For years, the Screen Actors Guild Awards — now renamed simply as the Actor’s Awards — has functioned as a sort of “Oscars’ dress rehearsal”, but in 2026 that logic feels even more transparent because the ceremony arrives with the curious sense that the main categories are almost already set, and precisely for that reason it has the potential to ignite the areas where real uncertainty still exists. The prize, voted on by a vast body of union performers, remains the most direct barometer of what the Academy is likely to follow in the final stretch.

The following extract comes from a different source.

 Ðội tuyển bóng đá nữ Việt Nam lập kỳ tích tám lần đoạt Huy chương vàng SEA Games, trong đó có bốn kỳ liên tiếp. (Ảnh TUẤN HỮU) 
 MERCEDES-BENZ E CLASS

The first step is to distinguish what appears “decided” from what remains open. The Best Actress race, as the season has unfolded so far, feels largely settled, not because of a lack of strong contenders but because the frontrunner’s narrative has consolidated early. The key factor is not merely who is ahead, but the kind of victory the union tends to reward, since recognition from peers often functions as emotional validation from the industry itself, and when that validation occurs without controversy, the campaign arrives at the Oscars with an aura of inevitability.

Best Actor presents a slightly different picture because a clear favorite exists, yet the context adds tension. Timothée Chalamet emerges as the name with the strongest sense of destiny, supported by a rare combination of visibility, professional respect, and generational narrative, almost as if the industry were ready to formally consecrate him. Still, the season has shown enough volatility to prevent any absolute sense of preordained victory. When people say the Actor’s Awards speak directly to the Oscars, this is exactly what they mean: the public spectacle of a professional community choosing, in front of everyone, whom it wants to push toward the finish line. Chalamet, notably, has won the SAG before and still lost the Oscar, a reminder that even the strongest signal is not an iron guarantee.

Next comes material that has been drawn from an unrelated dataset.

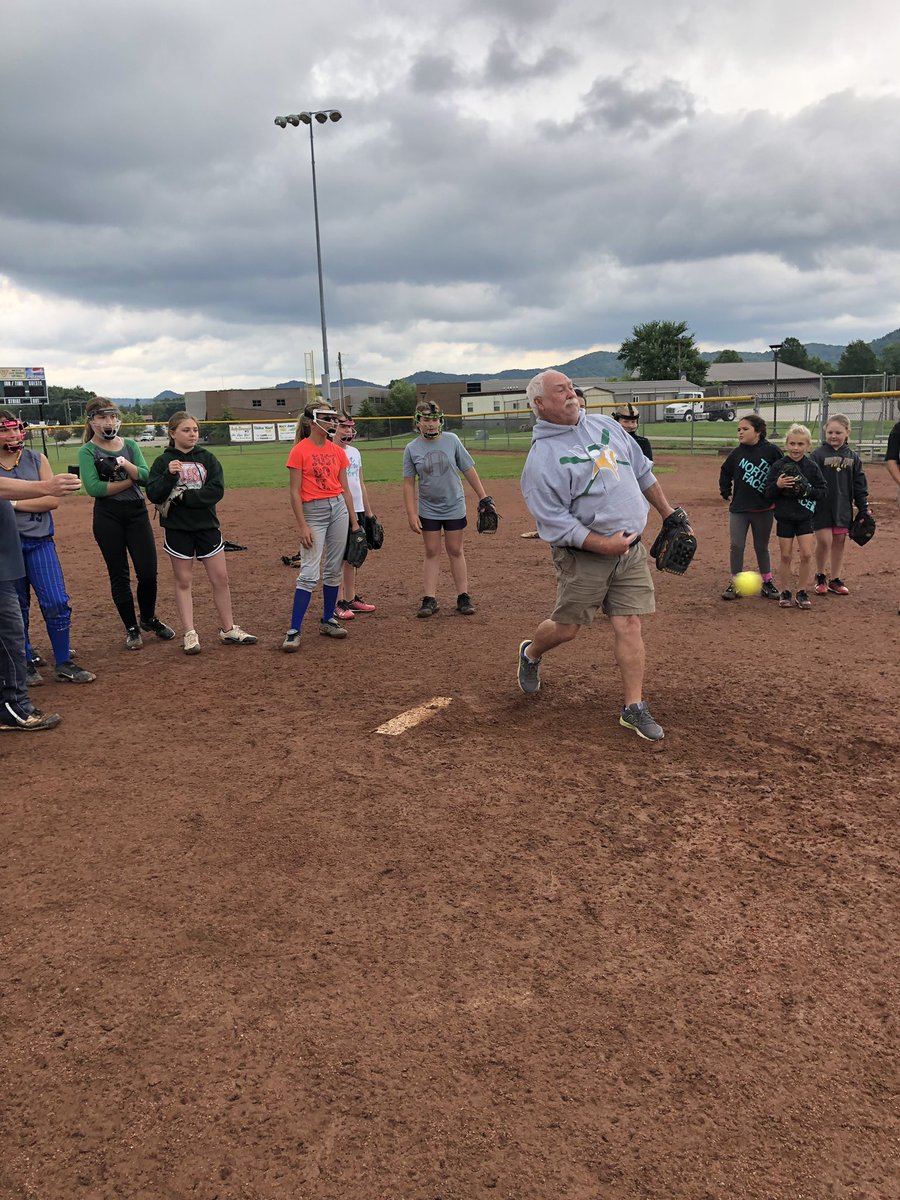 Day 4- Pitching and Catching! The beginning pitchers learned about the arm circle, snaps, proper body positioning and motion, and the proper rotation of the ball. More advanced pitchers learned the basics of how to throw a curve ball, drop ball, rise ball and change-up. 🥎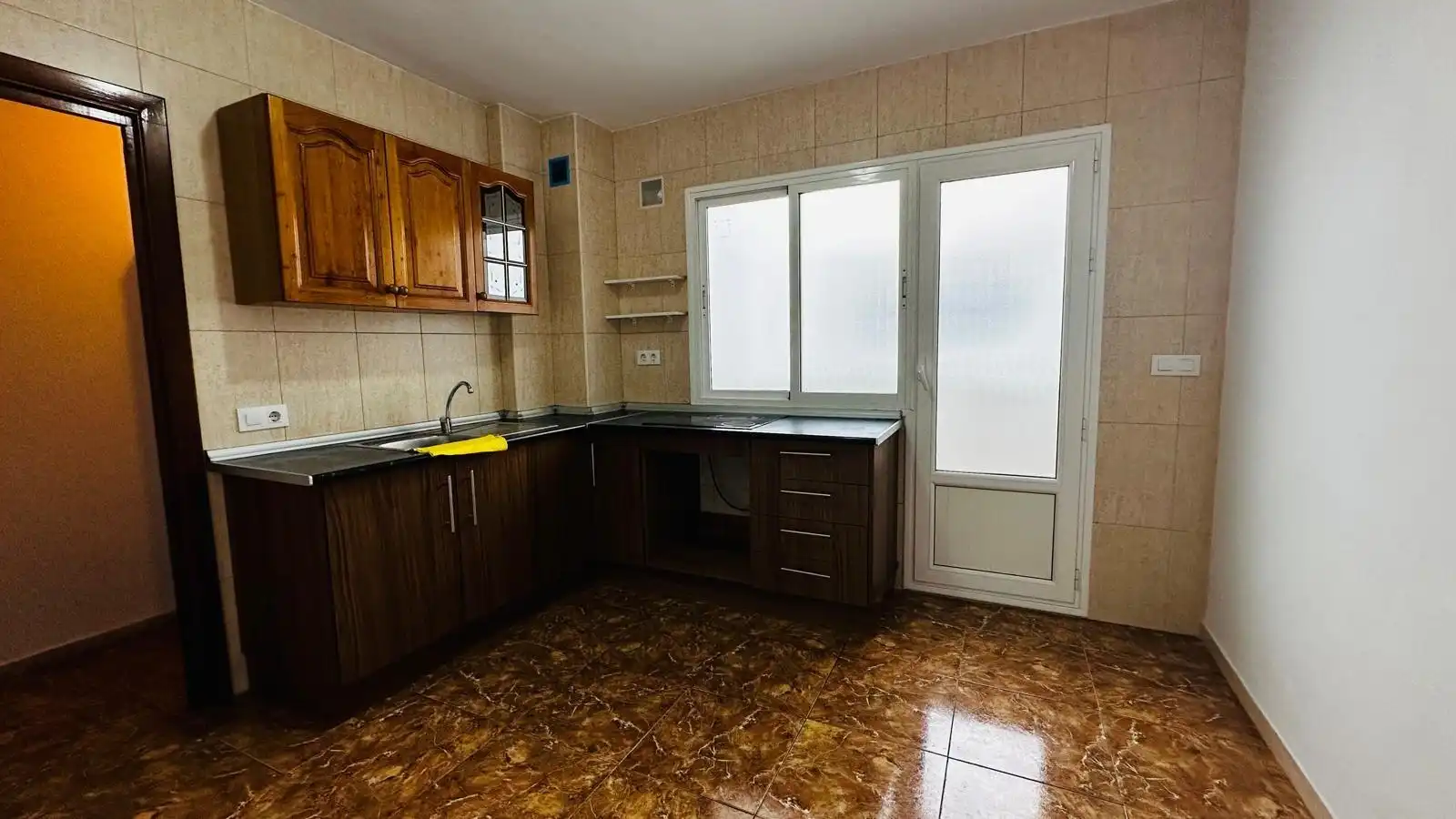 Cuina de Pis en venda en Roquetas de Mar amb Terrassa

This is where the most contested and potentially decisive categories of the night come into play. Supporting performances often become the pivot point when the lead races seem to be moving on their own momentum. If Best Actress appears headed toward Jessie Buckley and Best Actor strongly toward Chalamet, then the question shifts: which film, which campaign, and which narrative will gain emotional force from a supporting trophy precisely as the season enters its final curve.

This year’s landscape strongly favors that kind of shift because there has been no consensus whatsoever in the supporting races. Each major ceremony has crowned a different winner. At the Golden Globes, Teyana Taylor won Supporting Actress for One Battle After Another, while Stellan Skarsgård took Supporting Actor for Sentimental Value. The Critics’ Choice Awards went in a completely different direction, honoring Amy Madigan for Weapons and Jacob Elordi for Frankenstein. The BAFTAs then selected yet another pair, awarding Wunmi Mosaku for Sinners and Sean Penn for One Battle After Another. The result is a fragmented race with no dominant narrative and none of the inevitability that usually emerges when the season converges around a single contender.

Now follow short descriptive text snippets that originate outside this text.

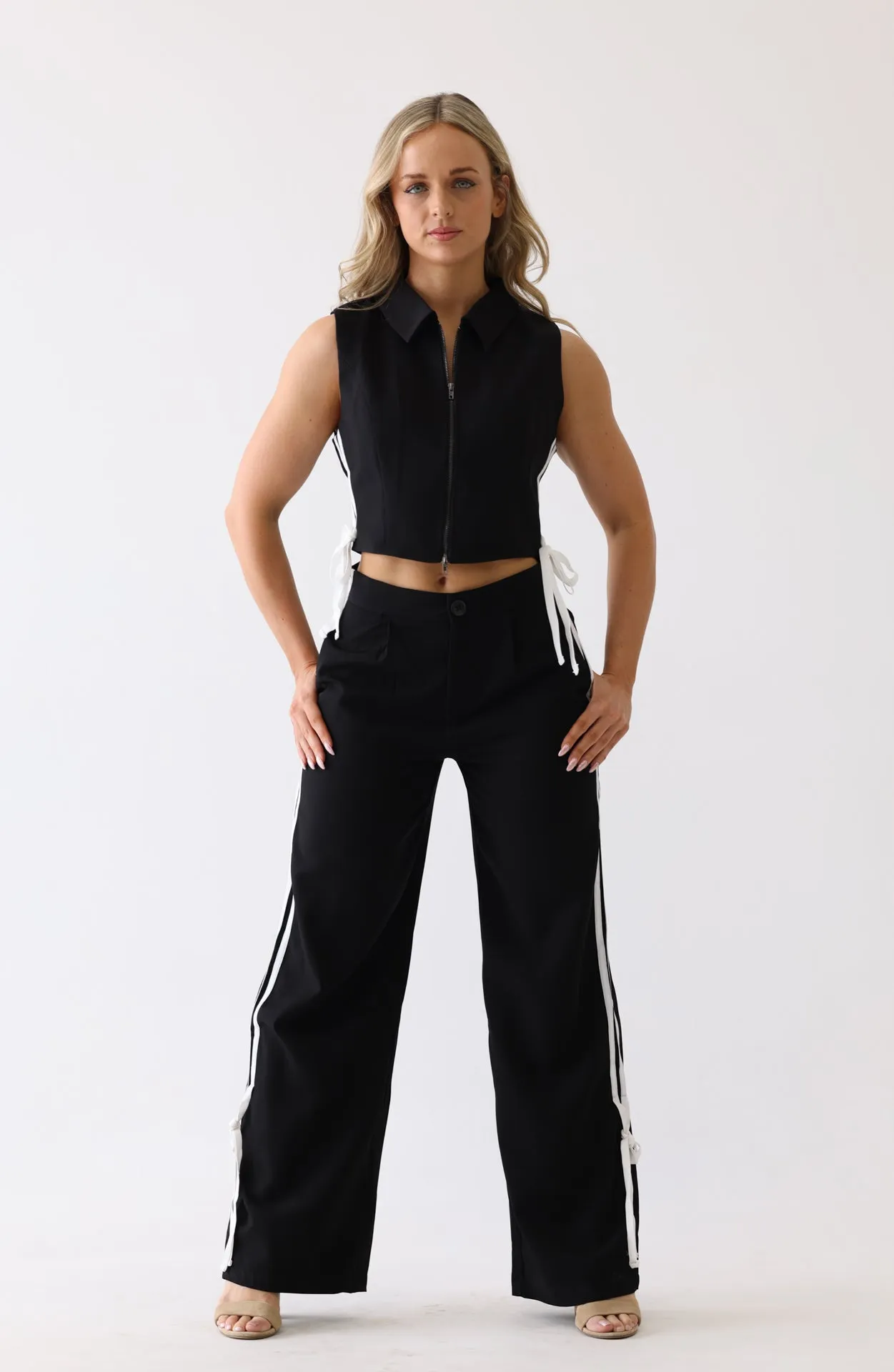 Side Contrast with Tie Loose Fit Woven Pants
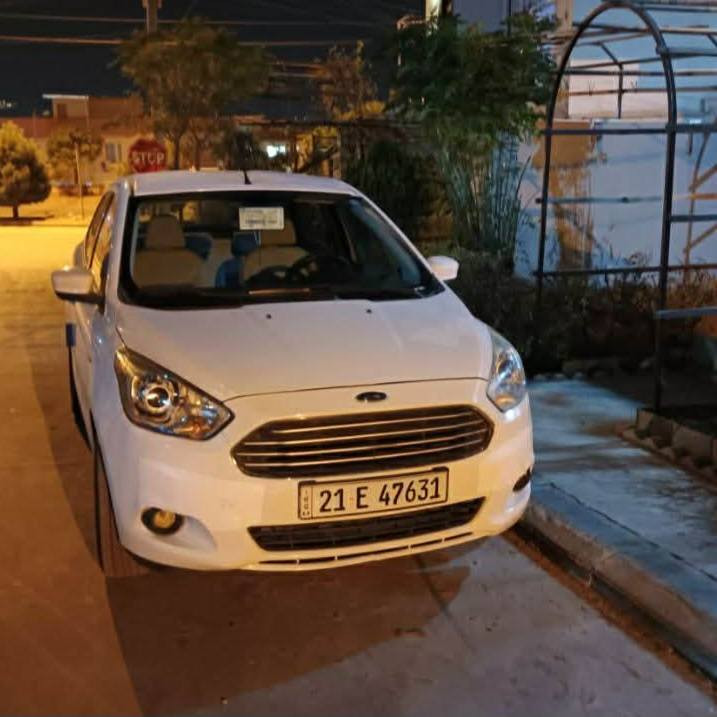 فۆرت فیگۆ ٢٠١٦ 
فول 
دەبڵ شاشە 
بێ بۆیاخ و شوخت 
هەموو گیانی بە شەرت ماڵی دۆستە
غەرامە و بڕاوە بە شەرت 
عەدەسەی تازە بۆ جوانی دانراوە بە ٢٥٠ دۆلار 
چوار تایەی لۆک لۆک تایلەندی 
پێشوداوی بە کاملی تازە گۆڕیومە بیلاد 
سەنەوی تازەو بێ کێشە تا 29 
*********** 
نرخ ٨٥ وەرەقە و مەعامەلەیە برایانە السليمانية, العراق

That fragmentation turns the Actor’s Awards into the moment when the industry will likely try to break the tie. When a season reaches this stage without a recurring winner, the union’s choice can serve as the first clear sign of alignment among actors or, conversely, confirm that the contest will remain unpredictable until the final Oscar ballot. More than rewarding an isolated performance, the outcome can reposition an entire film in the industry’s imagination and supply the emotional argument a campaign needs to become dominant at precisely the decisive moment.

In this context, even the discussion of who was not nominated carries weight. In the case of Wagner Moura, his absence from the list does not equal irrelevance, particularly for a Brazilian actor who has built a solid international career increasingly integrated into the Anglo-American circuit. The Actor’s Awards does not merely honor performances; it also functions as a ritual of belonging. Circulating in these spaces, being recognized by peers, and participating in the industry’s conversation builds a form of symbolic capital that rarely makes headlines but directly shapes future opportunities.

If the Oscars are the monument, the Actor’s Awards are the rehearsal room where the industry decides what it wants to turn into a monument. And in 2026, with Actress and Actor seemingly moving toward narratives that are already nearly written, it is the supporting categories that may rewrite the final paragraph of the season.